# Wanting to move to Australia from USA. Help



## tcscivic12 (Jul 2, 2008)

Hey all I am living in the United States (living in South Carolina) and am getting ready to go to college for electronics engineering. I would like to study abroad in Australia and eventually move there and pursue my career in Australia for Electronics Engineering. Any tips for an American in the United States living and working in my interest of work in Australia would be greatly appreciated. Also, I hope to get to know some people from Australia and keep in touch with them until I actually get there (eventually) if anyone can help me I would greatly appreciate it. Thank you.


----------



## kaz101 (Nov 29, 2007)

Hi tcscivic12, 

Welcome to the Aussie forum. 

Check out the "PLEASE READ...." post since that has links to visas and you'll want to check that you can get in with a student visa to study here. 

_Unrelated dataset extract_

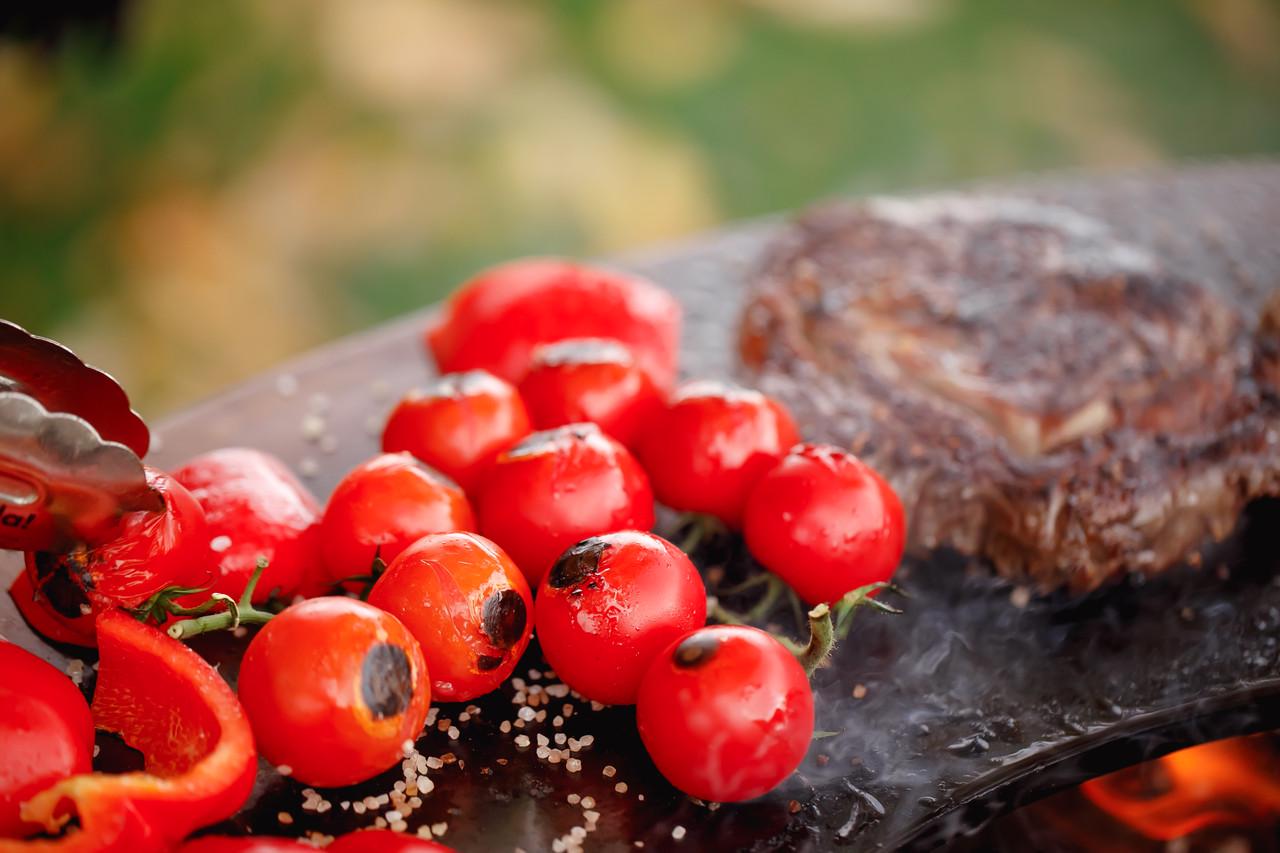 Гриль-мангал барбекю закритого типу Smoke House Holla Grill Black (600006) - фото 7 Гриль-мангал барбекю закритого типу Smoke House Holla Grill Black (600006) - фото 7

Quite a lot of us on this forum aren't Aussies since we've either moved here (or are in the process of moving here ) from somewhere else. I'm sure as a student that you'll mix with lots of Aussies once you are here 

Regards,
Karen


----------



## upnsmoke (Jul 2, 2008)

I'm Australian, currently in my expat here in the states.

The few differences I've notice with U.S and Australia.

- Health insurance, in the U.S you usually need health insurance to be able to afford getting the right treatment. In Australia, the health system is much "better" that any citizen or expats covered by medicare or some private health insurance, should be okay. Dental is expensive just like U.S however.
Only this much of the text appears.